= Johann Michael Vansleb =

German theologian (1635–1679)

Johann Michael Vansleb (1 November 1635 - 1679) was a German theologian, linguist and Egypt traveller. He converted to Catholicism and was a member of the Dominican Order from 1666.

(Depending on the language of publication, his name is spelled a number of different ways including: Wansleben, Vansleben, Vanslebio, Vanslebius, Vanslep, Wanslebio, Wanslebius, J. M. Vansleb, Giovanni Michele, F. Vansleb (F for Father), P. Vansleb or Jean.)

==Biography==

Vansleb was born in Erfurt. In 1663, after a long stay in London, Vansleb planned a journey to Ethiopia in search of religious manuscripts for his patron Ernest I, Duke of Saxe-Gotha. He never got beyond Egypt, however. It was while staying in Rome, during his return voyage, that he converted to Catholicism.

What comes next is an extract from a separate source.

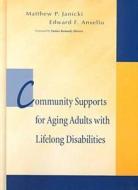 Community Support for Aging Adults with Lifelong Disabilities edito da Brookes Publishing Co.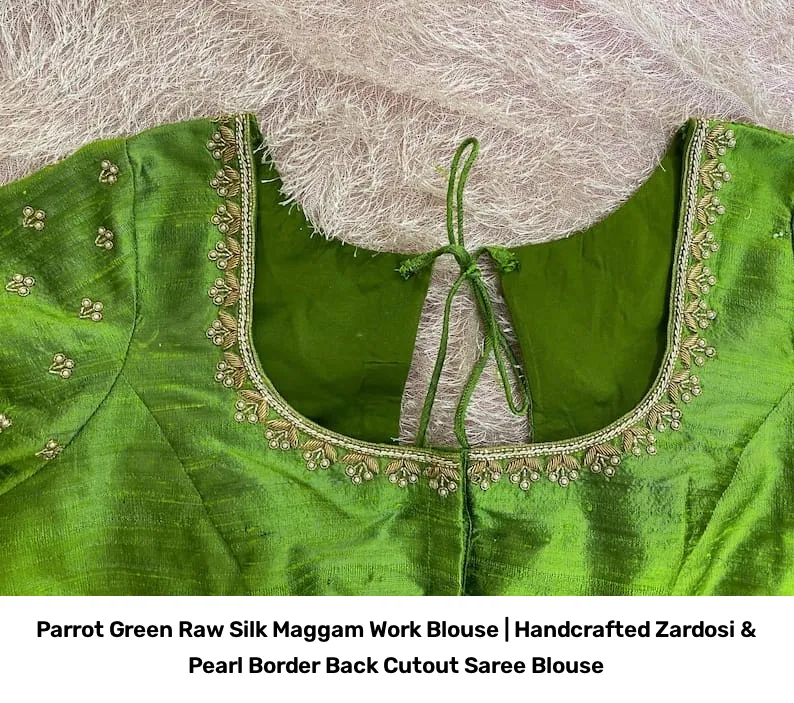 Parrot Green Raw Silk Maggam Work Blouse | Handcrafted Zardosi & Pearl Border Back Cutout Saree Blouse 7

In the service of Jean-Baptiste Colbert, Vansleb made another attempt to journey to Ethiopia, and once again went no further than Egypt. Beginning his travels from Marseille on 20 May 1671, Vansleb felt sick on arrival in Cyprus (which he explained as caused by the plague then scouring the island). Despite being very sick for an extended time (and preparing to leave this world, as he explains) he managed to visit Tripoli, Damascus, Aleppo and Sidon during the next 10 months, finally arriving in Damietta, Egypt, in March 1672.

Vansleb travelled extensively in Egypt during the next 12 months, making a journey as far down as Sohag, and produced one of the earliest accounts of Upper Egypt: documenting the land, the people (especially the Coptic community), and pharaonic monuments such as the Giza pyramids, the Sphinx and the pyramids of Hawara, as well as Coptic monuments, including the White Monastery. One of his stated missions was to reach Esna, but he never travelled that far up the Nile. Instead he relates a report from two Capuchin missionary brothers, P. Protais and Charles-François d'Orléans, who had visited all the main sites of Upper Egypt in 1668.

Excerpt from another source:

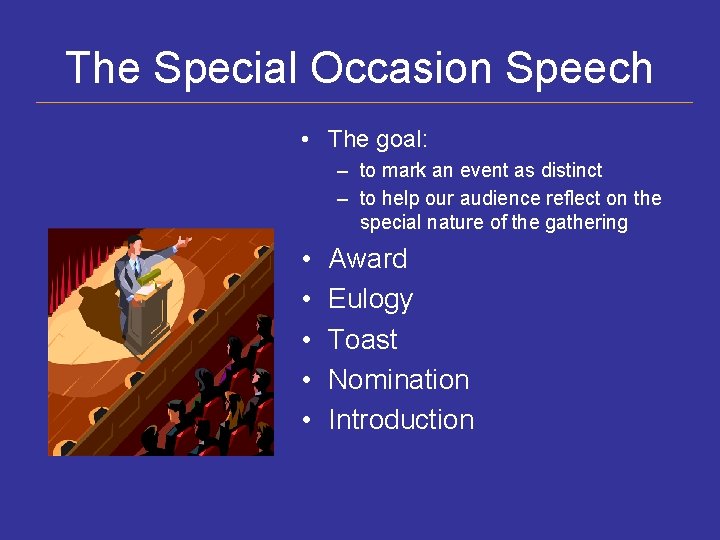 The Special Occasion Speech • The goal: – to mark an event as distinct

Contemporary accounts relate that Vansleb's account was received with mixed feelings. Vansleb is a keen observer, repeatedly trying to get to the bottom of things, yet at other times accepting obscure and spurious explanations without much resistance, for example on the mating rituals of the Nile crocodile.

==Works==
- Ludolf, Hiob, Lexicon Aethiopico-Latinum, Ed. by J. M. Wansleben, London 1661.
- Nouvelle Relation En forme de Iournal, D´vn Voyage Fait en Egypte. Par le P. Vansleb, R.D., en 1672 & 1673. Paris. chez Estienne Michallet, 1677.
 The Present State of Egypt: or A New Relation of a Late Voyage into That Kingdom Performed in the Years 1672 and 1673, London, 1678. (English translation)

==Sources==
- Hiob Ludolf
- The Present State of Egypt: or A New Relation of a Late Voyage into That Kingdom Performed in the Years 1672 and 1673, London, 1678.
- Alastair Hamilton (ed.), Johann Michael Wansleben's Travels in the Levant, 1671-1674, Leiden: Brill, 2018.
- Alastair Hamilton and Maurits van den Boogert (eds.), Johann Michael Wansleben’s Travels in Turkey, 1673-1676, Leiden: Brill, 2023.
- Asaph Ben-Tov, Jan Loop, and Martin Mulsow (eds.), Hiob Ludolf and Johann Michael Wansleben, Leiden: Brill, 2023.